The paradigm described above is premised on the idea that the Arabs have been the major obstacle to peace in the region. But Obama has taken a new tack. His paradigm, which is to create, as he put it recently, “daylight” between the two countries, is premised on something else; not outright Israeli culpability but certainly a belief that Israel has been a major part of the problem.
Changing the paradigm has been a central objective of many liberals, and certainly of the J Street faction. Instead of achieving peace by assuring Israel of its security, the administration is trying to make peace by causing the Israelis to fear they will be abandoned by the United States if they don’t do the White House’s bidding.

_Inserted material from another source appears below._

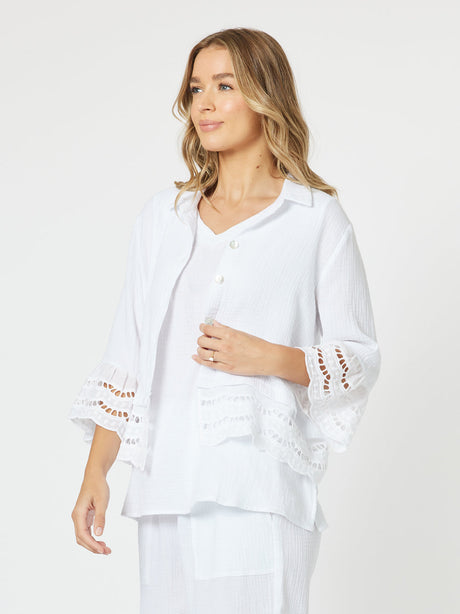 Threadz Libby Byron Cotton Shirt White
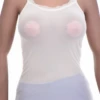Airy mesh camisole with delicate straps and a scoop neck, a close slim shape that follows the figure.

But now we can compare the two paradigms: close alliance versus “daylight.” The latter is already a debacle after only a few months in practice. It is opening the global floodgates of Israel-obsessed criticism. It is making Israelis distrust the U.S. — a development that will translate into a democratic veto over concessions and the deleveraging of U.S. influence. It has forced the Palestinians to compete with the White House in hostility to Israel, humiliating Mahmoud Abbas when the administration chose to retreat. Even the existence of the peace process itself — much less actual peace — depends on Israel’s faith in the United States to help protect it from the maelstrom of condemnation that is the “international community’s” favorite hobby. The only question now is whether Professor Obama is capable of learning anything from the Middle East lesson he is being taught.